Non si può, invece, ritenere che tale normativa abbia anche la finalità di garantire una corretta organizzazione della banca imponendo, a pena di nullità, la firma del delegato dell'istituto. Nella interpretazione della norma, prosegue la Corte, si deve infatti tutelare l'interesse effettivamente protetto che è quello del risparmiatore. Una lettura, continua la Cassazione, <<in linea con le disposizioni dell'ordinamento europeo>> sia con riferimento alla direttiva Mifid 1 che Mifid 2 a cui è stata data attuazione con il Dlgs 129/2017, <<al fine di perseguire gli obiettivi di trasparenza e di tutela degli investitori>>, e che <<punta l'accento sulla registrazione del o dei documenti concordati, in tal modo evidenziandosi la necessità che risulti la verificabilità di quanto concordato>>.
A fronte della specificità della normativa ed alla ratio profonda della stessa, affermano, quindi, perentori i giudici di legittimità, che "è difficilmente sostenibile" "che la sottoscrizione da parte del delegato della banca, una volta che risulti provato l’accordo (avuto riguardo alla sottoscrizione dell’investitore, e, da parte della banca, alla consegna del documento negoziale, alla raccolta della firma del cliente ed all’esecuzione del contratto) e che vi sia stata la consegna della scrittura all’investitore, sia necessaria ai fini della validità del contratto-quadro".
Ed invero, posto che il requisito della forma ex art. 1325 c.c., n. 4, va inteso nella specie non già in senso strutturale, bensì funzionale, avuto riguardo alla finalità propria della normativa, "ne consegue che il contratto-quadro deve essere redatto per iscritto, che per il suo perfezionamento deve essere sottoscritto dall’investitore, e che a questi deve essere consegnato un esemplare del contratto, potendo risultare il consenso della banca a mezzo dei comportamenti concludenti sopra esemplificativamente indicati".

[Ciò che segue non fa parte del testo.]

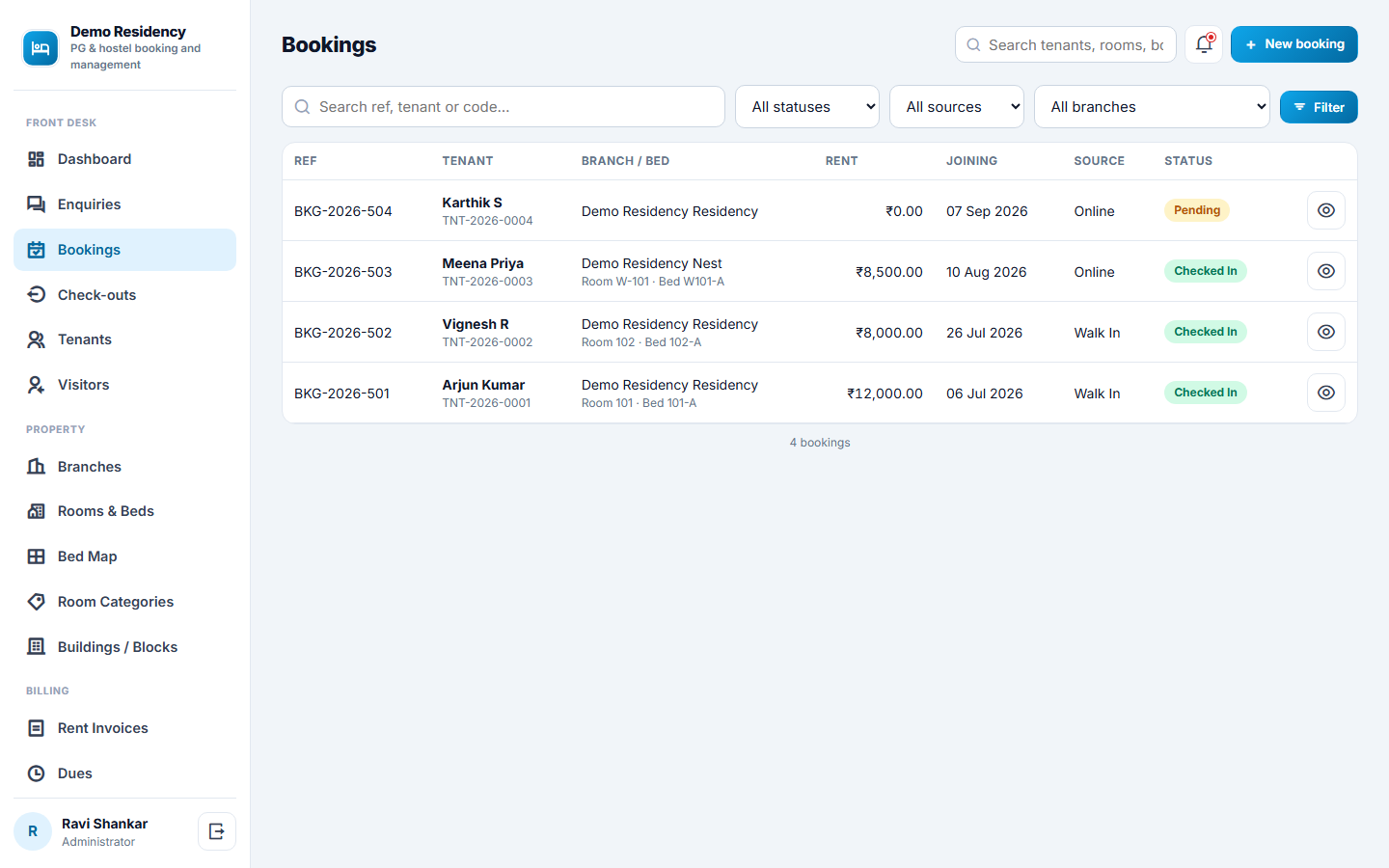 PG and Hostel Booking and Management Software screenshot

Sulla scorta del delineato iter motivazionale, le SSUU sono pervenute, in conclusione, all’enucleazione del seguente principio di diritto: <<Il requisito della forma scritta del contratto-quadro relativo ai servizi di investimento, disposto dal D.Lgs. 24 febbraio 1998, n. 58, art. 23, è rispettato ove sia redatto il contratto per iscritto e ne venga consegnata una copia al cliente, ed è sufficiente la sola sottoscrizione dell’investitore, non necessitando la sottoscrizione anche dell’intermediario, il cui consenso ben si può desumere alla stregua di comportamenti concludenti dallo stesso tenuti>>.